The reason why your implementation still doesn't work (apart from possible bugs in your code) is the fact that you directly implemented the transfer function as a high-order difference equation instead of splitting it up into second-order sections.

Answer 2

Probably the problems that you are seeing stem from trying to do sensible math on $7^{th}$-order polynomials without using insanely high numerical precision.

There are some nearly-absolute dos and don'ts to IIR filter design (either digtial or analog), all having to do with keeping the filter order as small as possible.

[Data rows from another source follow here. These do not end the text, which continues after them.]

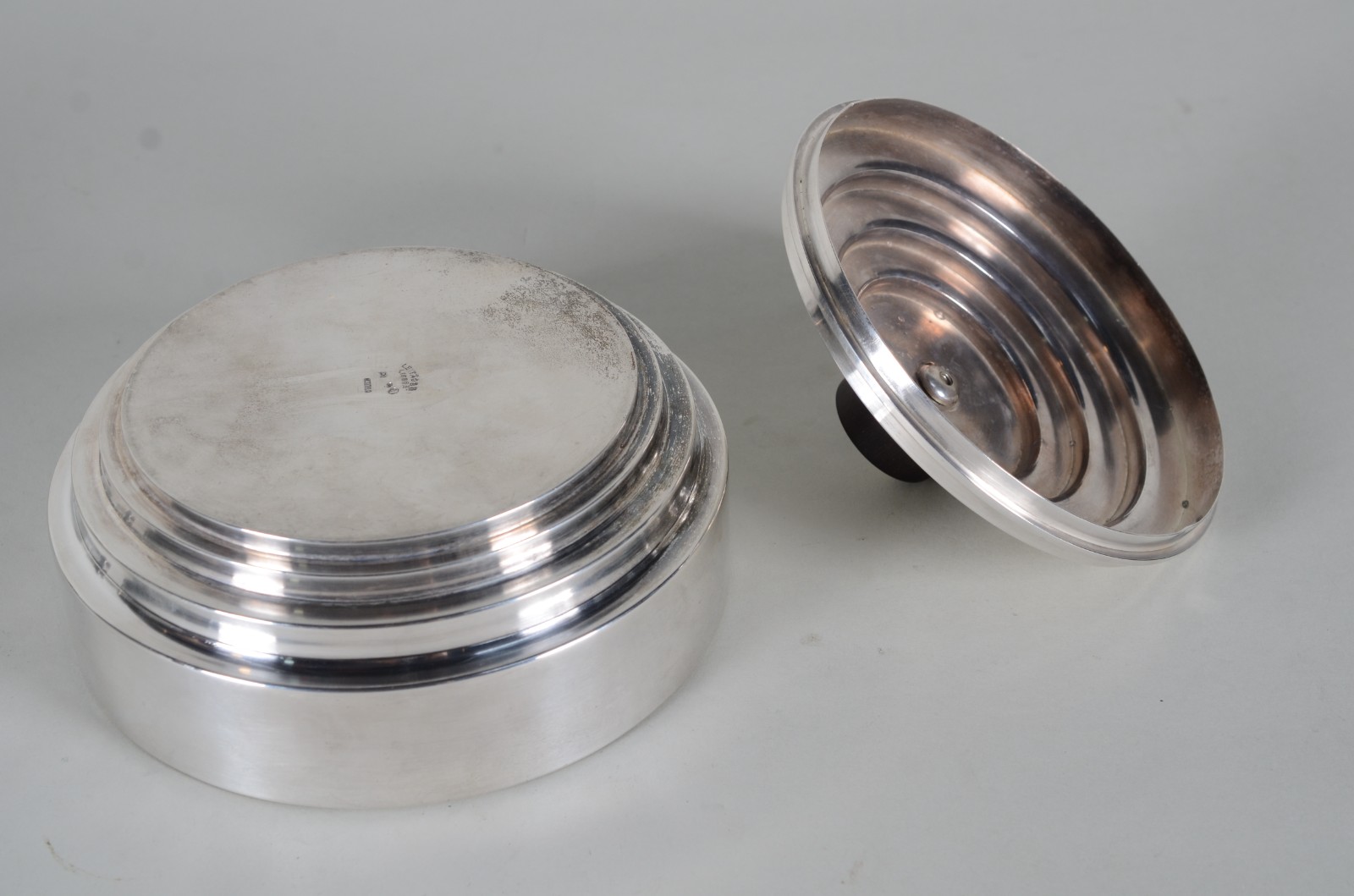 Bomboniere Art Deco de prata portuguesa, 1º título, prateiro Leitão... - foto 3 de 6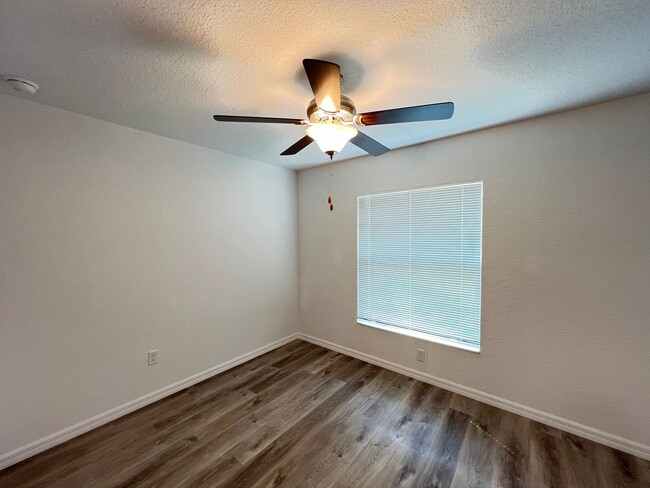 Building Photo - AVAILABLE NOW! Gorgeous 3 Bedroom, 2 Bathr...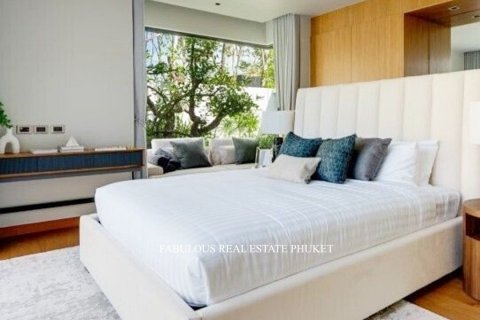 Chalet de 3 dormitorios en Bang Tao, Tailandia № 179601 - foto 3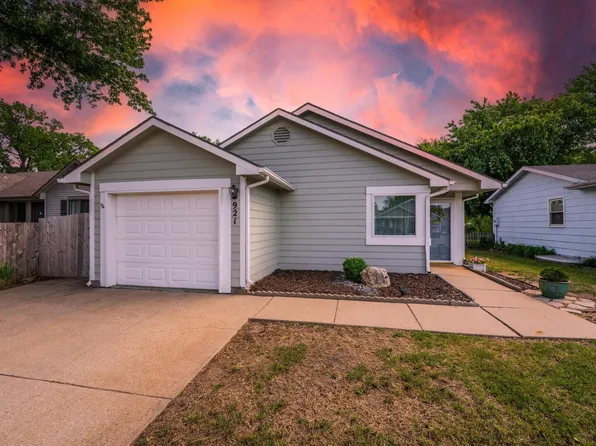 921 E 52nd St S, Wichita, KS 67216
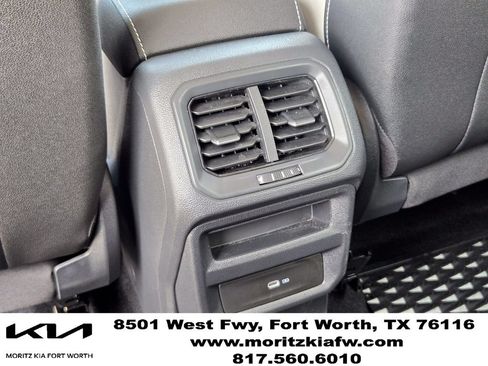 Used 2025 Volkswagen Taos SE FWD image 28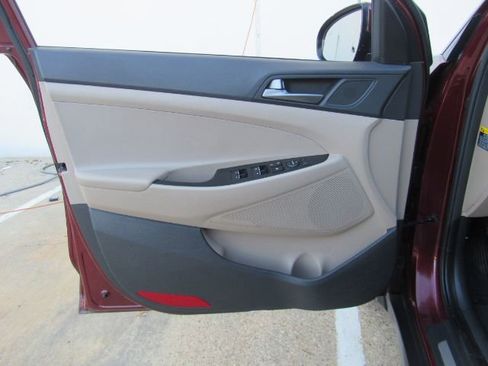 Used 2016 Hyundai Tucson Limited w/ Option Group 03 image 15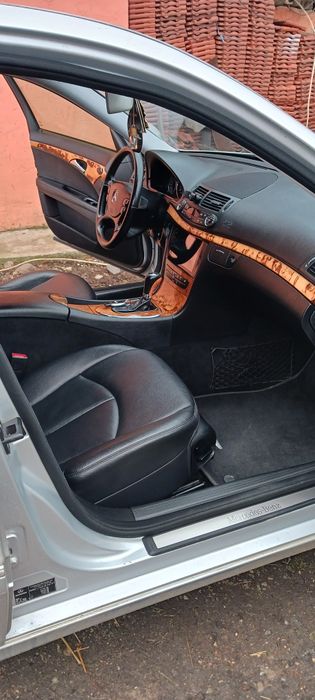 Mercedes-benz w211 E class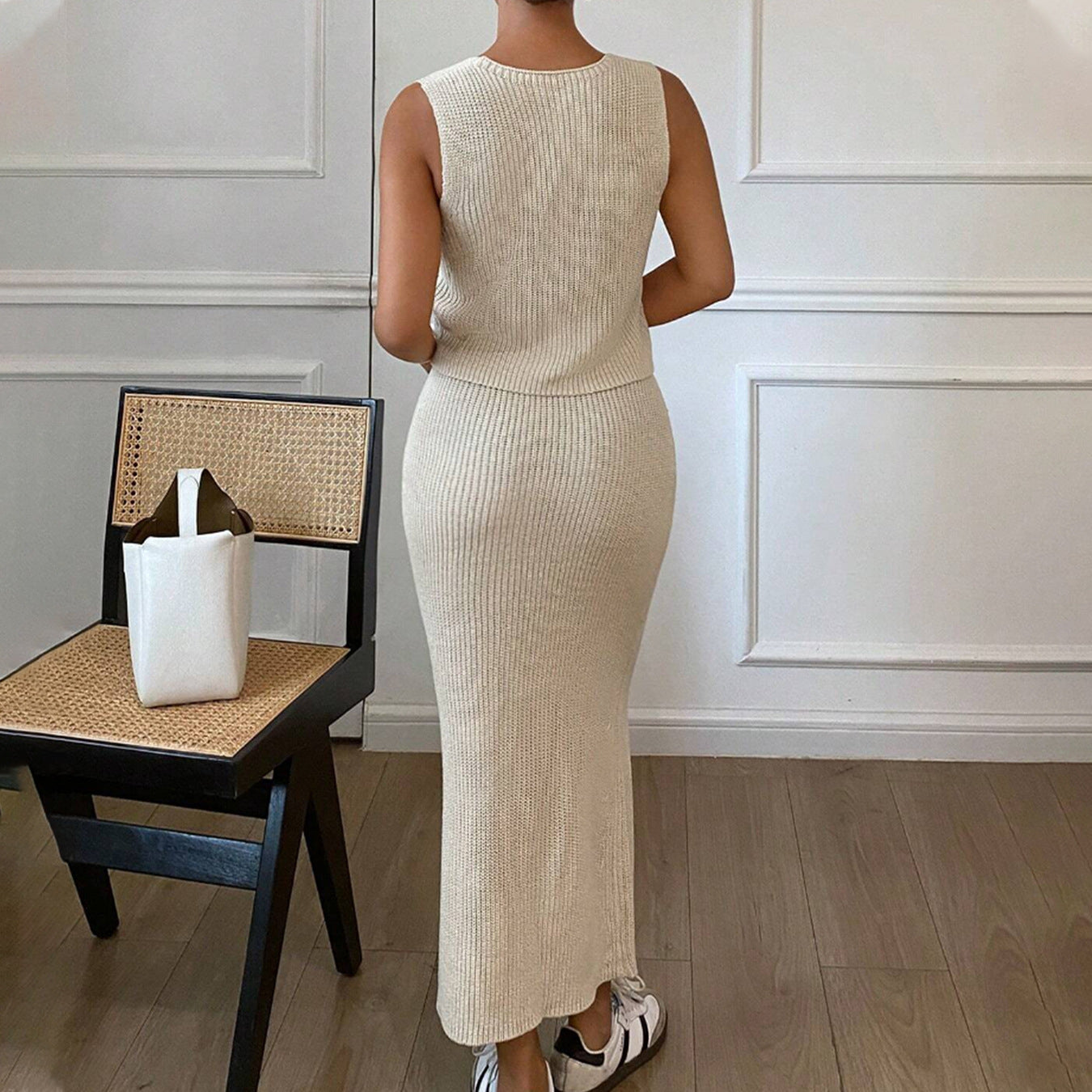 2-piece knit set for women with stylish button details and a chic floral design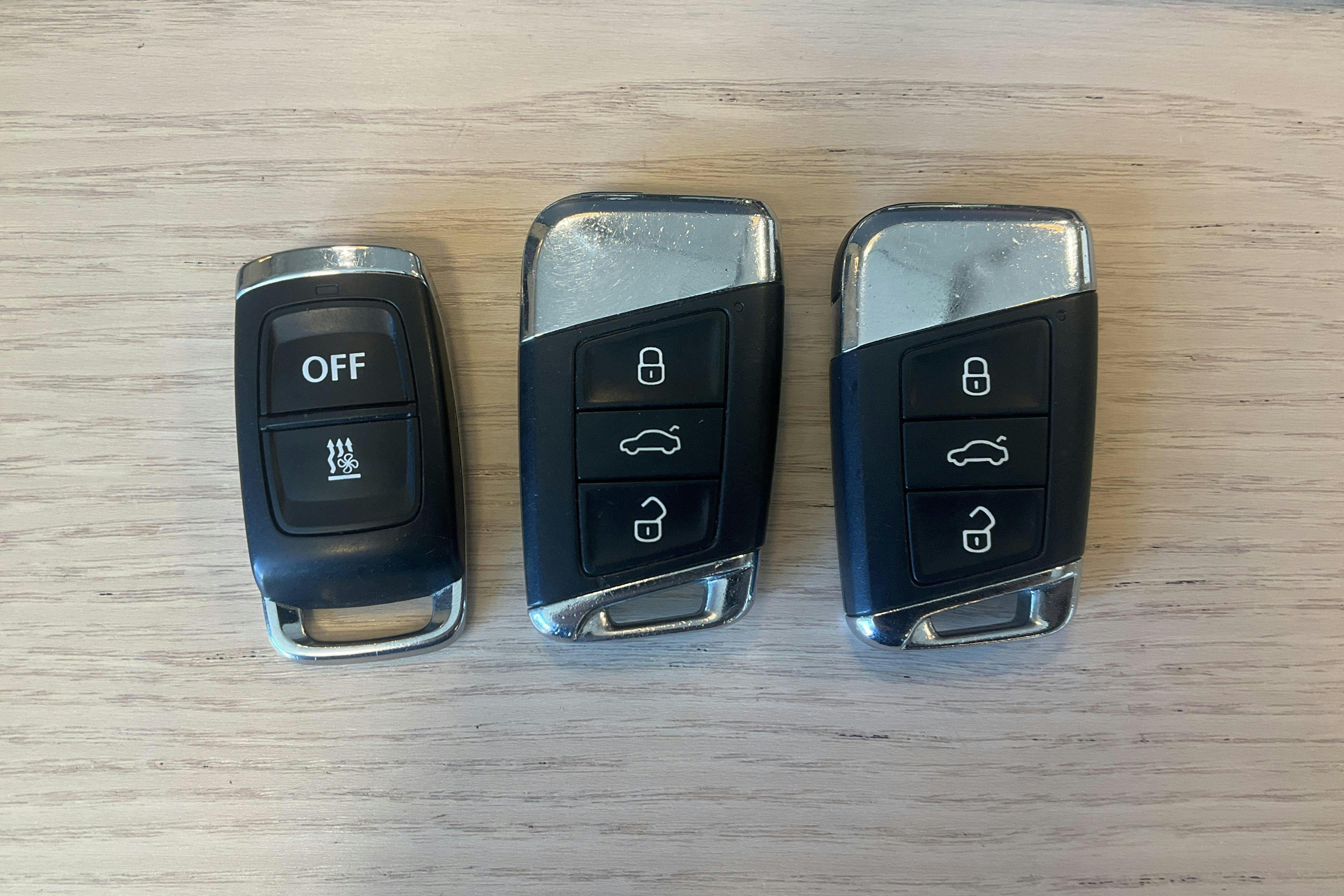 Vehicle Image 15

• Don't use filter sections of more than 2nd-order*. As the filter order increases, the sensitivty of the poles (and zeros) to the coefficients (or resistor & capacitor values) goes up with filter order. A 2nd-order section is the smallest section you can implement when you have resonant poles -- so keep it to that.
• If at all possible, do design your filter as a collection of poles and zeros. Note that all the old-style "big name" filters such as Butterworth, Chebychev, Gaussian, etc., are all available as tables of coefficients, or in these degenerate days of using math packages, there'll be a flag you can set in the call.
• If you're going to design the filter in the Laplace domain then convert to $z$, do it as 2nd-order sections. Or if you're just getting it from a math package, ask for the $z$-domain version.

If, for some peculiar reason, you must design your filter as a ratio of polynomials of order greater than 2, be painfully aware of the impact this will have on your filter performance. Use whatever extended-precision data types your math package has to offer, and sufficient precision to get a decent answer. While you're doing that, as yourself if it wouldn't be less trouble to design in poles and zeros, or 2nd-order sections.

* This doesn't apply to passive LC or resonant transmission-line filters because you get into a lot less trouble with no amplifying elements.